Cosa ci insegna la storia delle privatizzazioni per la vicenda ex Ilva

di Guglielmo Forges Davanzati

Una chiave di lettura probabilmente utile per comprendere la tormentata vicenda dell’ex Ilva può essere fornita dalla ricostruzione delle vicende delle privatizzazioni in Italia. L’occasione è offerta anche dalla recente pubblicazione di un interessante volume sull’economia italiana, e, in particolare, sulla svolta del 1992 (Franco Amatori, Pietro Modiano e Franco Reviglio, a cura di, L’Italia al bivio. Classi dirigenti alla prova del cambiamento: 1992-2022, Franco Angeli, Milano 2024), con interventi di alcuni fra i migliori economisti e storici economici italiani e di autorevoli protagonisti di quella stagione, fra i quali Giuliano Amato e Romano Prodi. Il punto di partenza di questa ricostruzione è dato dall’evidenza empirica registrata dall’OCSE, nel Rapporto “Regulatori Reform in Italy” del 2001: le privatizzazioni italiane hanno costituito uno dei più imponenti trasferimenti di ricchezza della Storia occidentale da uno Stato sovrano a imprenditori privati. In particolare, il nostro Paese è arrivato tardi a privatizzare, ma ha fatto di più e ha fatto più rapidamente di tutti gli altri Paesi industrializzati.

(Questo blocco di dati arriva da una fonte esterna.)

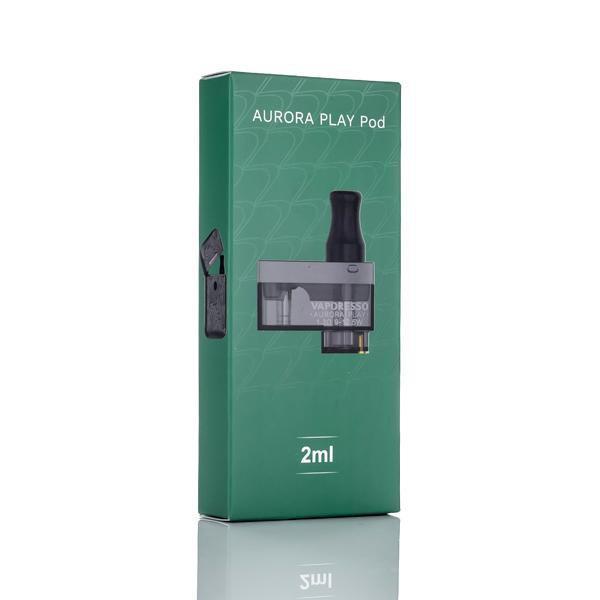 Сменный картридж Vaporesso Aurora Play Pod Cartridge 2 мл (Original) - 8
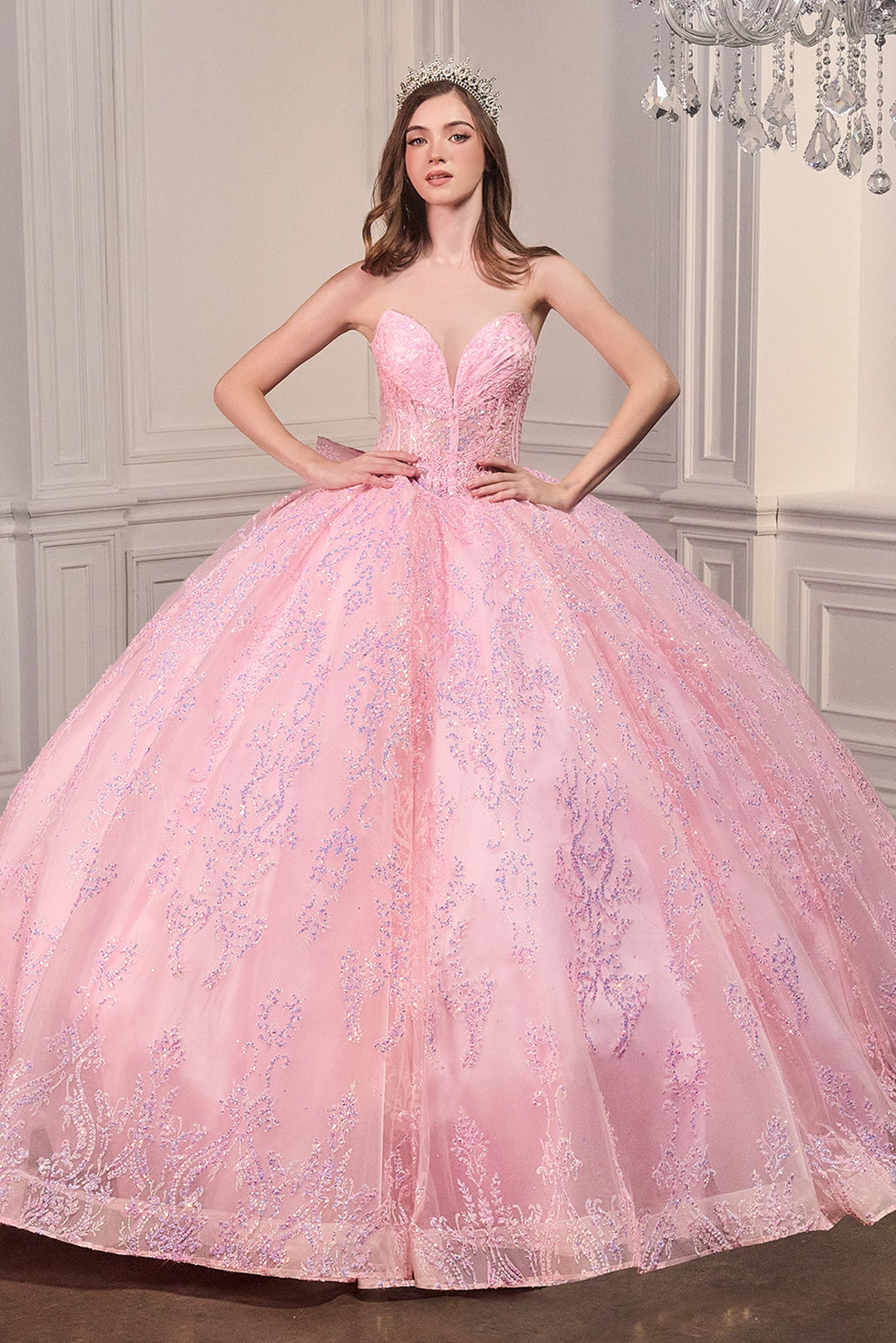Ladivine 15732 Dress - FOSTANI.com
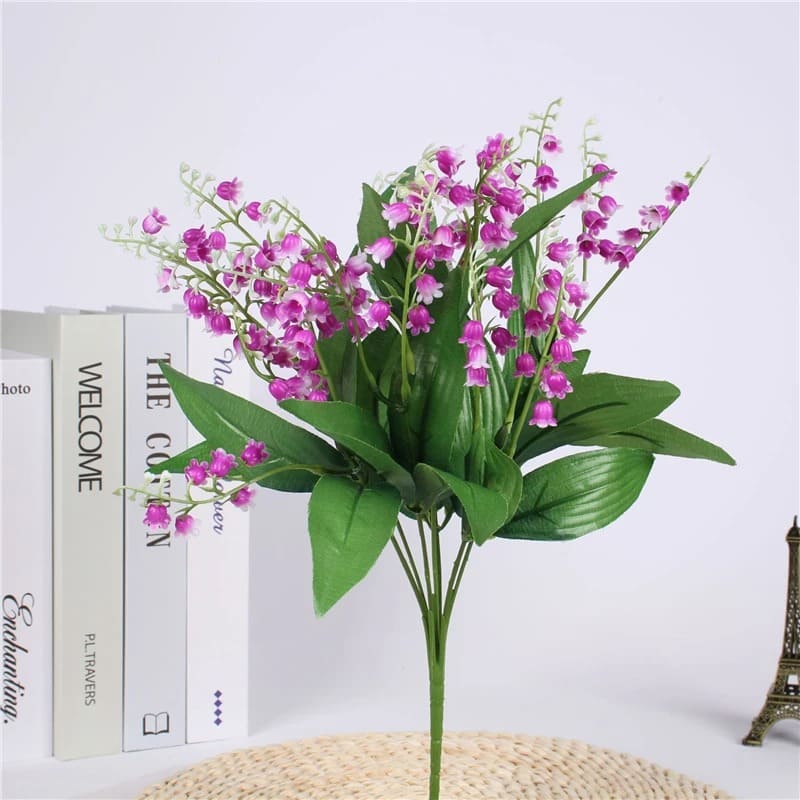 Muguet Artificiel de Qualité
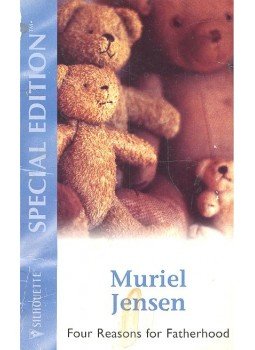 Jensen, Muriel - Four Reason for Fatherhood Jensen, Muriel - Four Reason for Fatherhood, null 2000 antikvár könyv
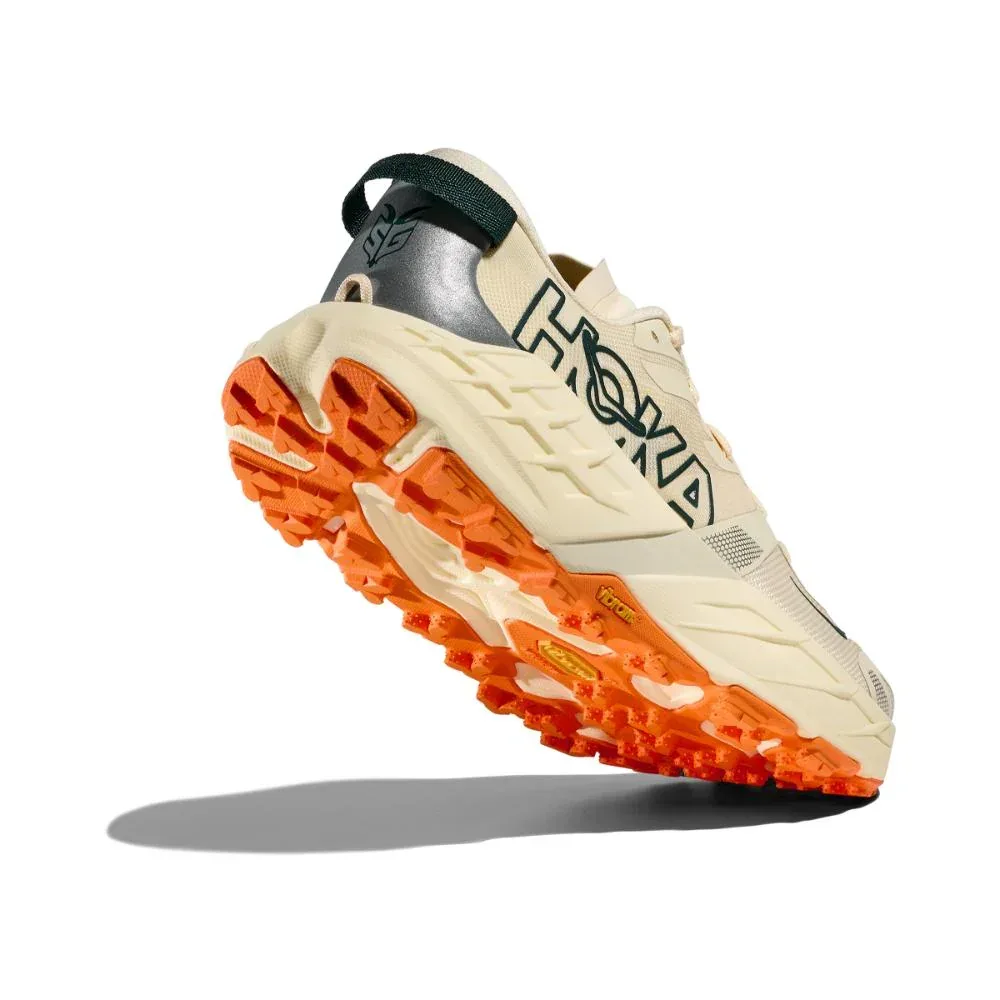 נעלי ריצת שטח הוקה ספידגוט 7 לגברים Hoka SPEEDGOAT 7 1171928/VMR VINTAGE YELLOW - Image 3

Le motivazioni che furono avanzate per le dismissioni di importanti imprese pubbliche in quel periodo furono sostanzialmente due: in primo luogo, si ritenne il nostro settore pubblico esclusivamente fonte di sprechi e inefficienze, ancor più a seguito del coinvolgimento di vertici aziendali nell’inchiesta Mani pulite; in secondo luogo, si argomentò che le privatizzazioni avrebbero consentito una migliore allocazione del risparmio delle famiglie italiane.